A friend of mine is a Baen Books online subscriber. For a small fee (about the price of two books), he has access to new books published electronically and access to old books that may be hard to find. For a voracious reader like my friend, it's a good deal. Other publishers haven't figured it out. Here's some publication math-- some math that the publishers have forgotten:

$20.00 - The cost of a book
$11.00 - The price the book seller pays (they sometimes pay more with a guarantee of being to return unsold copies.
$10.00 - The price the publisher charges the book distributor.
$4.00 - The price to print the book (to fire blank sheets through a machine and have it come out full o' words)
$1.20 - The amount of royalties that go to the author.
$2.80 - Potential gross profit made by publishers (factor it down to allow for editorial and promotion expenses-- two things that publishers have tried to abandon).

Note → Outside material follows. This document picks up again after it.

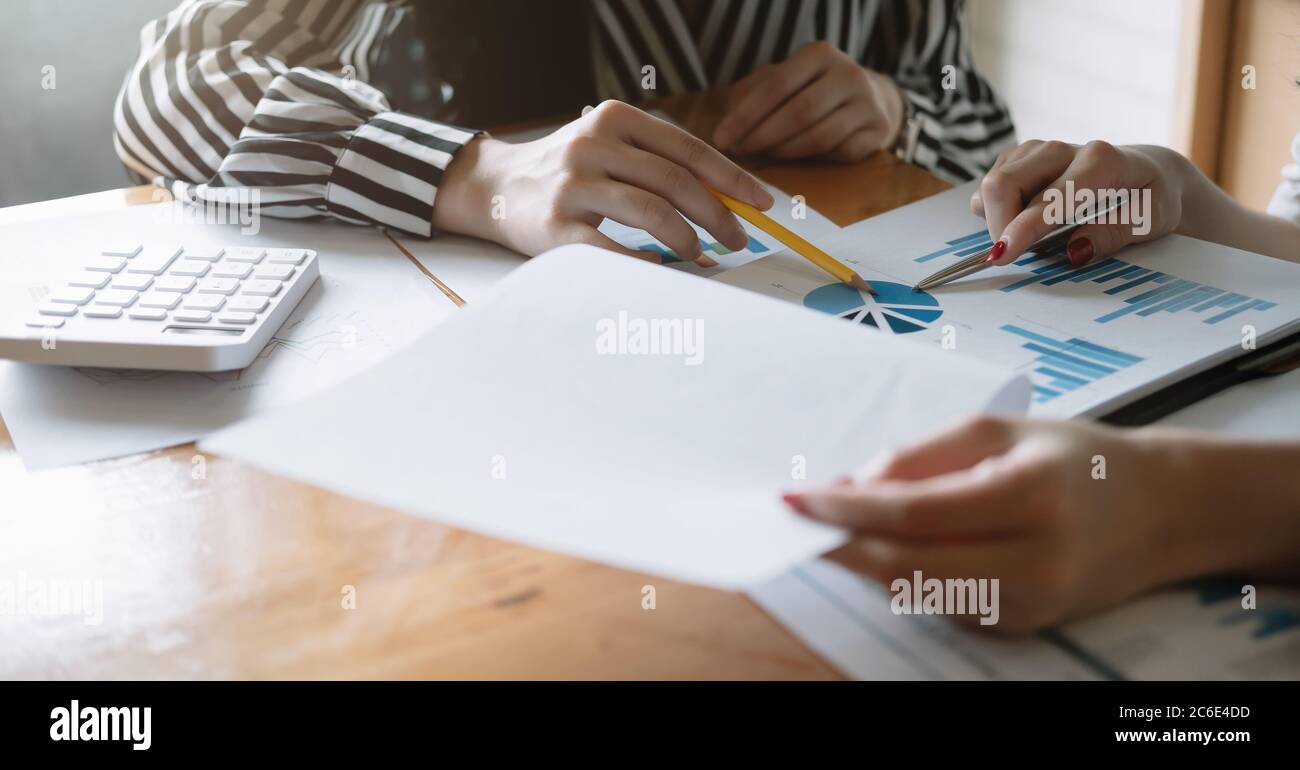 Closeup Group of Business analyzing investment graph from financial report and meeting brainstorming discussing plan Stock Photo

Take a real look at these expenses. When you publish an electronic edition, most of these expenses go out the window. From the publisher's perspective what you're left with is $1.20 in royalties and $2.80 in gross expenses/profit expectations. If a publisher were to output electronic editions, they could sell them for $4.00 and make as much profit as before. Heck, add in $1.00 per copy to cover e-commerce handling fees and bandwidth charges. There is the argument that people look for books in stores and electronic editions may not sell as well. I don't agree with that argument. In a store, people are willing to pay full price to walk out with a print edition. Online, they want the information for free. If you drop the print edition print, the chance of a sale goes up. If you attach a price to a web edition, the chance of a download goes down. But, if the online sale price is close to nothing (e.g. $5 for 400+ pages of material), there is still a good chance that someone will buy it. While specialty items like computer books and gaming books may see 10,000 copies sold, if they're peddled to hundreds of millions of potential customers, a publisher could sell more than 10,000 copies and reap more money than a print edition. If you look around for electronic editions, what do you find? 20% off of the paper edition. Gimme a break. You're saving 80% of the overhead and you're going to pass on 1/4 of that savings to me? Why not you just keep the book, take a bath on it and I'll buy it from a discount bin next year? Then we've killed some trees, I've lost the immediacy of ownership and you have no profit?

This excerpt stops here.